### Record excerpts

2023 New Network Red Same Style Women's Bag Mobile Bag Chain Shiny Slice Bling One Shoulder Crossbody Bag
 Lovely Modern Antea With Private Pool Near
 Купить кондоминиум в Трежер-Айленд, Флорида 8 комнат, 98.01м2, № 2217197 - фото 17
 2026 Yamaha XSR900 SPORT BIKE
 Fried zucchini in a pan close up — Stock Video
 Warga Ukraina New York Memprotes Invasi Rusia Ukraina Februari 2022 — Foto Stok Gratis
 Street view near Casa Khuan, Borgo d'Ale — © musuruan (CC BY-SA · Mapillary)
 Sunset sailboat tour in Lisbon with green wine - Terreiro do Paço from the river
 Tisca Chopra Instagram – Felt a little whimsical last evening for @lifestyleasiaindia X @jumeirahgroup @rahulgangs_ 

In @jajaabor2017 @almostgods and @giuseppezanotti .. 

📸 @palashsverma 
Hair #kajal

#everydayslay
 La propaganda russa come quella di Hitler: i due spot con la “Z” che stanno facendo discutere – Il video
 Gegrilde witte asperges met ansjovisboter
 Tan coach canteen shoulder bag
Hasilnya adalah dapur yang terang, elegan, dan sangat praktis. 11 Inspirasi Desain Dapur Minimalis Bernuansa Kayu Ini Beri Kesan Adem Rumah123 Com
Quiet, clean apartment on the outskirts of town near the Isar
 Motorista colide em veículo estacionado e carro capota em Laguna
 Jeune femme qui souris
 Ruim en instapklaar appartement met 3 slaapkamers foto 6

### What the task asks
With the line containing "Quiet, clean apartment" as the start and the last line of the material above as the end, copy that run of lines exactly, both ends included, and nothing more.

### Your response
Quiet, clean apartment on the outskirts of town near the Isar
 Motorista colide em veículo estacionado e carro capota em Laguna
 Jeune femme qui souris
 Ruim en instapklaar appartement met 3 slaapkamers foto 6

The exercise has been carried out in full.